**Task:**
In the records below, find the line containing "Hot Pursuit 1987" and repeat it and every line after it exactly, without pictures.

**Web page caption snippets:**
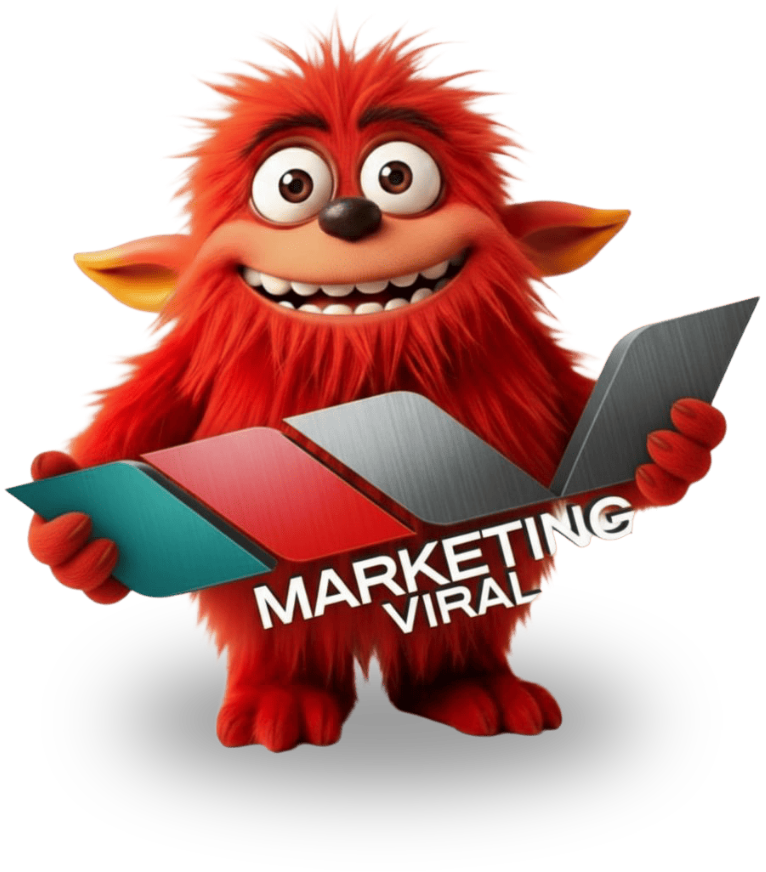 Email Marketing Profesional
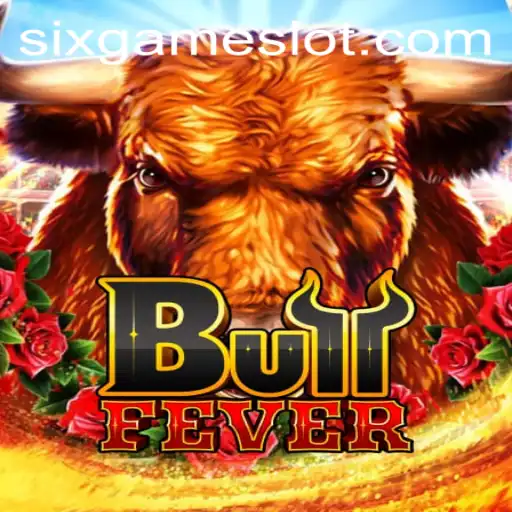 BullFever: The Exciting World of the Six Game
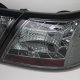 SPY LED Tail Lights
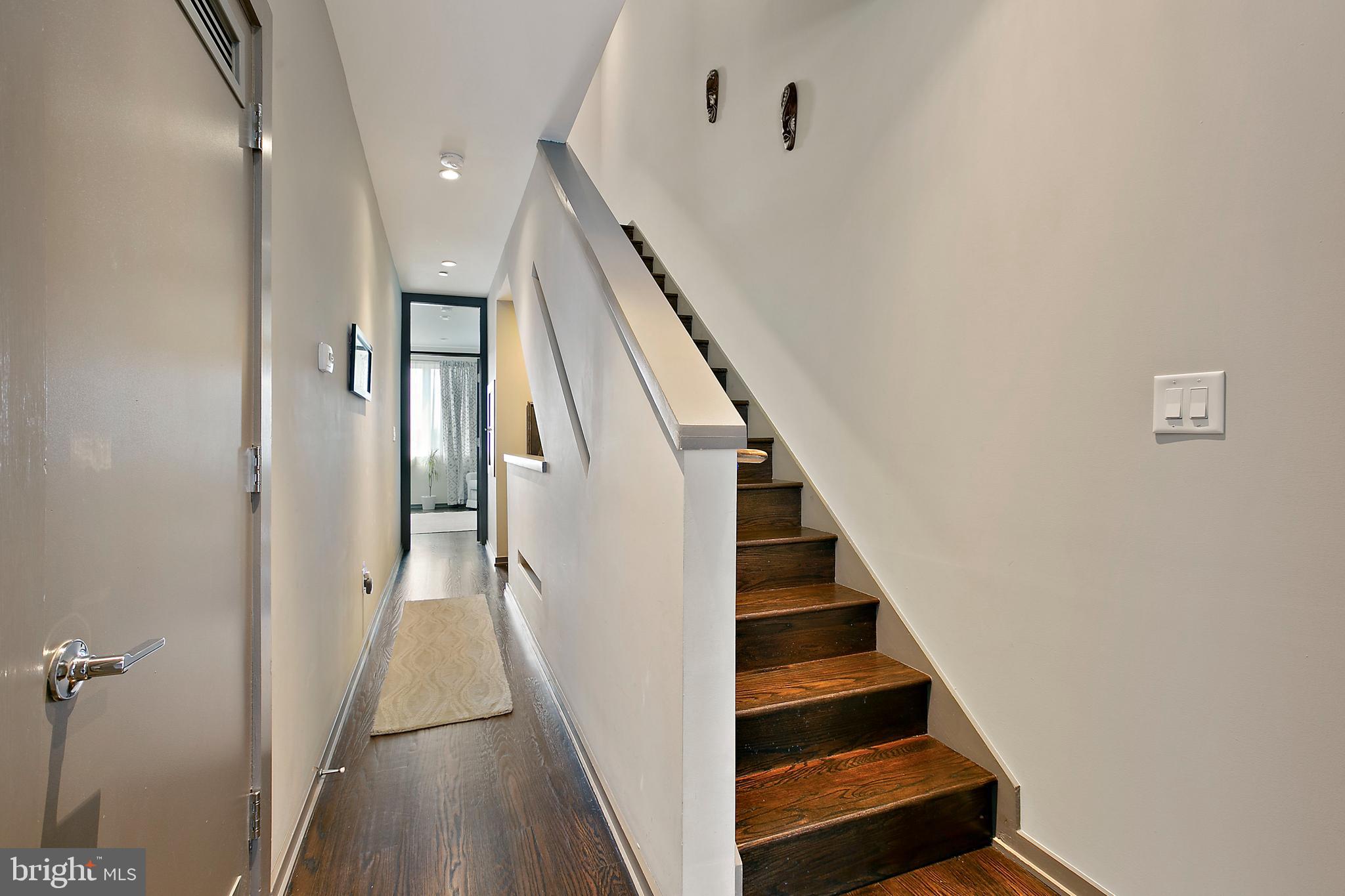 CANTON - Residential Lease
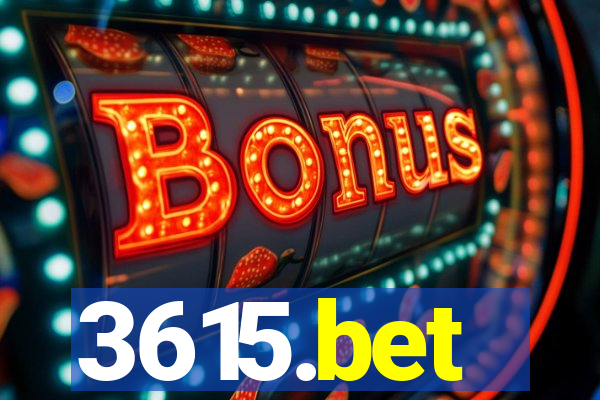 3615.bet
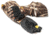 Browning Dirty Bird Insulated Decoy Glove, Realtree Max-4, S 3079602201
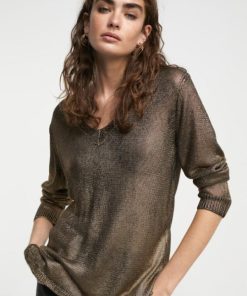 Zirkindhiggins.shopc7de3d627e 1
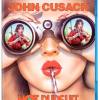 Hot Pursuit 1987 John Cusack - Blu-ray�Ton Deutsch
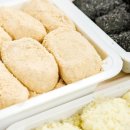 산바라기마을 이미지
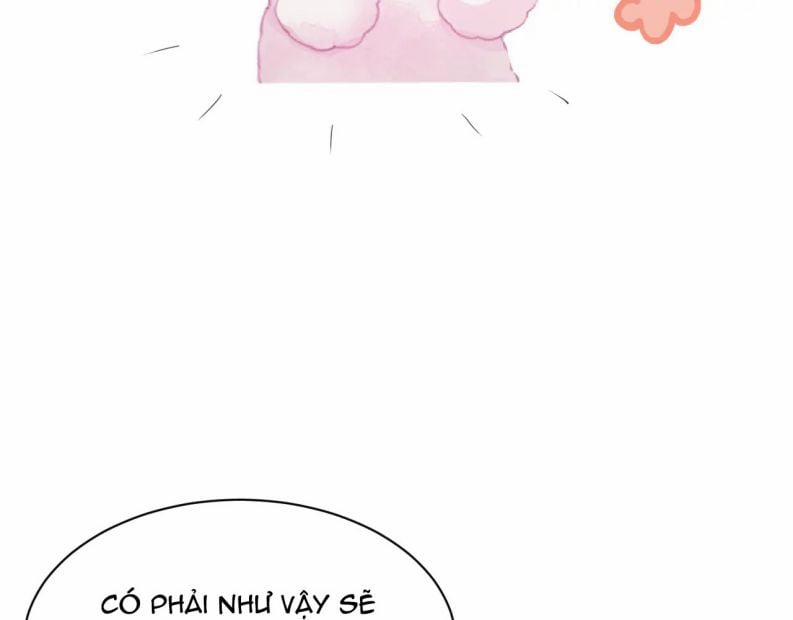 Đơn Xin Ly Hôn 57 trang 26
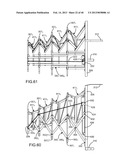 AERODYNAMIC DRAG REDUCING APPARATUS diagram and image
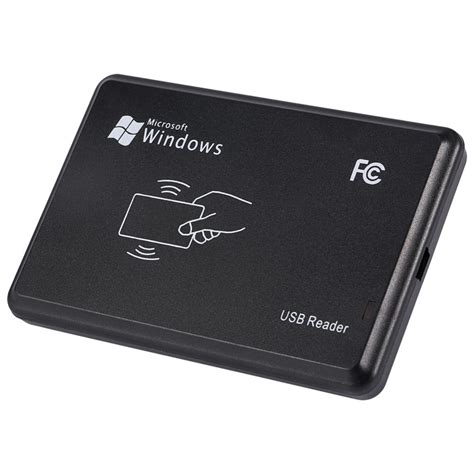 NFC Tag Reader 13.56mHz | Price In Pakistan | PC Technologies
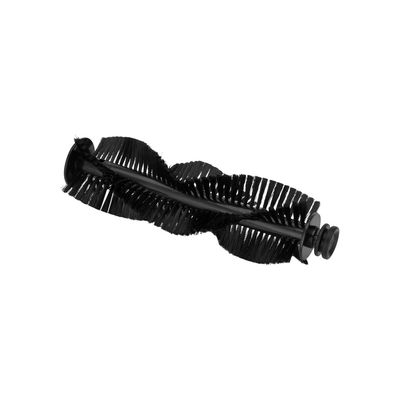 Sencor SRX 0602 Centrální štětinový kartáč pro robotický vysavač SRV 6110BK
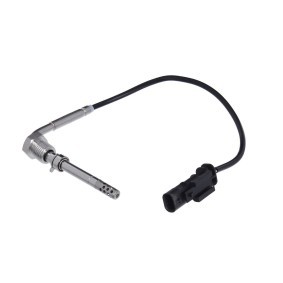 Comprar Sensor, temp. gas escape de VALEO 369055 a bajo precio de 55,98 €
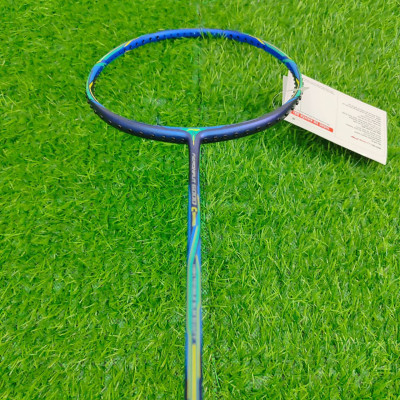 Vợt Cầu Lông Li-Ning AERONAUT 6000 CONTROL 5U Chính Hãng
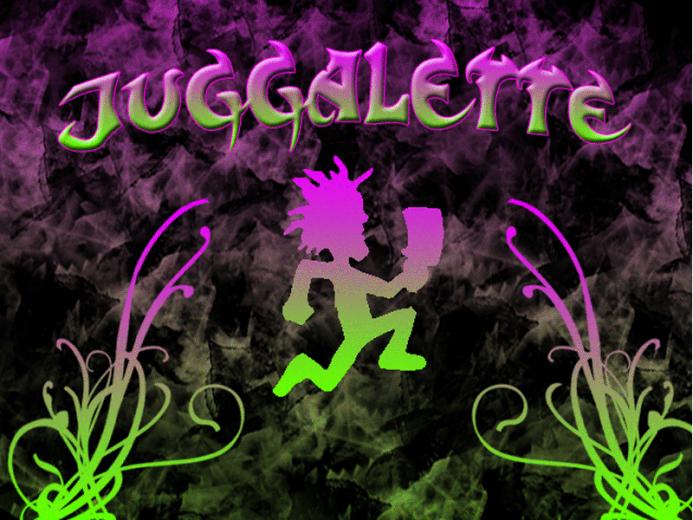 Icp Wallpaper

**Answer to the problem:**
 Hot Pursuit 1987 John Cusack - Blu-ray�Ton Deutsch
 산바라기마을 이미지
 Đơn Xin Ly Hôn 57 trang 26
 AERODYNAMIC DRAG REDUCING APPARATUS diagram and image
 NFC Tag Reader 13.56mHz | Price In Pakistan | PC Technologies
 Sencor SRX 0602 Centrální štětinový kartáč pro robotický vysavač SRV 6110BK
 Comprar Sensor, temp. gas escape de VALEO 369055 a bajo precio de 55,98 €
 Vợt Cầu Lông Li-Ning AERONAUT 6000 CONTROL 5U Chính Hãng
 Icp Wallpaper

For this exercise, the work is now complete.